- **Exercise instructions**
Here the requirement is to repeat every record exactly, in full.
### Records to process
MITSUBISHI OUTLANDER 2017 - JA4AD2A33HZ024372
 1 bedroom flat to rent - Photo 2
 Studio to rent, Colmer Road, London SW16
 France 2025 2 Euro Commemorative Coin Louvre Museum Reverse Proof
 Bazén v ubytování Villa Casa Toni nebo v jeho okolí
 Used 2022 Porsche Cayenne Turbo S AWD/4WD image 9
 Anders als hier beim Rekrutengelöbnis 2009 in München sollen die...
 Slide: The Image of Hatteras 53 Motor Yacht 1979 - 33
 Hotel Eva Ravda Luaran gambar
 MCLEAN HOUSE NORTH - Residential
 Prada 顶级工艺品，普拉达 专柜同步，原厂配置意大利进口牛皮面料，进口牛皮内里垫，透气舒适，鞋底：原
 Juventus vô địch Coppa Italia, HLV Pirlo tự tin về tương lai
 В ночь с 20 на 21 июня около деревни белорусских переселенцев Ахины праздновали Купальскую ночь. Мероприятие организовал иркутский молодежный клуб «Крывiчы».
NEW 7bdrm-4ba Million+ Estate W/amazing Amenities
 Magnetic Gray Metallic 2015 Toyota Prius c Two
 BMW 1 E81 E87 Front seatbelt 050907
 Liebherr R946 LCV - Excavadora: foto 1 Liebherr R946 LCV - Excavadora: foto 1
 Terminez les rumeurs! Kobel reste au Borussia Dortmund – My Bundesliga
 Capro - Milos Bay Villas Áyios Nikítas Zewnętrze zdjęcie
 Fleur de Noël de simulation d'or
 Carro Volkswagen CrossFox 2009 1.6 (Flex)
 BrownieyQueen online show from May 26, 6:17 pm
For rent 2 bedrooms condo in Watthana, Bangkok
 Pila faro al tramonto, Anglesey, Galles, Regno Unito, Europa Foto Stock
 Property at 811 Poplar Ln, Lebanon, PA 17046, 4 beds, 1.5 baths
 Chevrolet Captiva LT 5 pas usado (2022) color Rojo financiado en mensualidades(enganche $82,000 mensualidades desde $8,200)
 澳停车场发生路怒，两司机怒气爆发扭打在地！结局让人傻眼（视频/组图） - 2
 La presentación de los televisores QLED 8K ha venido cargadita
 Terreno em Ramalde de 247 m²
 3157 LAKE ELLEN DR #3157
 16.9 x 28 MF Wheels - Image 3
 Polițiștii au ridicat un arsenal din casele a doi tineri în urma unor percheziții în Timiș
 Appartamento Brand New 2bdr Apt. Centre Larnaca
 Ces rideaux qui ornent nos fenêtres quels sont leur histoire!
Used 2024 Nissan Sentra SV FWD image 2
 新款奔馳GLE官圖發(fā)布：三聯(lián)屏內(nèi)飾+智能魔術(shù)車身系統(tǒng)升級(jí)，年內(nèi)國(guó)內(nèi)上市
######
- **Solution to the problem**
MITSUBISHI OUTLANDER 2017 - JA4AD2A33HZ024372
 1 bedroom flat to rent - Photo 2
 Studio to rent, Colmer Road, London SW16
 France 2025 2 Euro Commemorative Coin Louvre Museum Reverse Proof
 Bazén v ubytování Villa Casa Toni nebo v jeho okolí
 Used 2022 Porsche Cayenne Turbo S AWD/4WD image 9
 Anders als hier beim Rekrutengelöbnis 2009 in München sollen die...
 Slide: The Image of Hatteras 53 Motor Yacht 1979 - 33
 Hotel Eva Ravda Luaran gambar
 MCLEAN HOUSE NORTH - Residential
 Prada 顶级工艺品，普拉达 专柜同步，原厂配置意大利进口牛皮面料，进口牛皮内里垫，透气舒适，鞋底：原
 Juventus vô địch Coppa Italia, HLV Pirlo tự tin về tương lai
 В ночь с 20 на 21 июня около деревни белорусских переселенцев Ахины праздновали Купальскую ночь. Мероприятие организовал иркутский молодежный клуб «Крывiчы».
NEW 7bdrm-4ba Million+ Estate W/amazing Amenities
 Magnetic Gray Metallic 2015 Toyota Prius c Two
 BMW 1 E81 E87 Front seatbelt 050907
 Liebherr R946 LCV - Excavadora: foto 1 Liebherr R946 LCV - Excavadora: foto 1
 Terminez les rumeurs! Kobel reste au Borussia Dortmund – My Bundesliga
 Capro - Milos Bay Villas Áyios Nikítas Zewnętrze zdjęcie
 Fleur de Noël de simulation d'or
 Carro Volkswagen CrossFox 2009 1.6 (Flex)
 BrownieyQueen online show from May 26, 6:17 pm
For rent 2 bedrooms condo in Watthana, Bangkok
 Pila faro al tramonto, Anglesey, Galles, Regno Unito, Europa Foto Stock
 Property at 811 Poplar Ln, Lebanon, PA 17046, 4 beds, 1.5 baths
 Chevrolet Captiva LT 5 pas usado (2022) color Rojo financiado en mensualidades(enganche $82,000 mensualidades desde $8,200)
 澳停车场发生路怒，两司机怒气爆发扭打在地！结局让人傻眼（视频/组图） - 2
 La presentación de los televisores QLED 8K ha venido cargadita
 Terreno em Ramalde de 247 m²
 3157 LAKE ELLEN DR #3157
 16.9 x 28 MF Wheels - Image 3
 Polițiștii au ridicat un arsenal din casele a doi tineri în urma unor percheziții în Timiș
 Appartamento Brand New 2bdr Apt. Centre Larnaca
 Ces rideaux qui ornent nos fenêtres quels sont leur histoire!
Used 2024 Nissan Sentra SV FWD image 2
 新款奔馳GLE官圖發(fā)布：三聯(lián)屏內(nèi)飾+智能魔術(shù)車身系統(tǒng)升級(jí)，年內(nèi)國(guó)內(nèi)上市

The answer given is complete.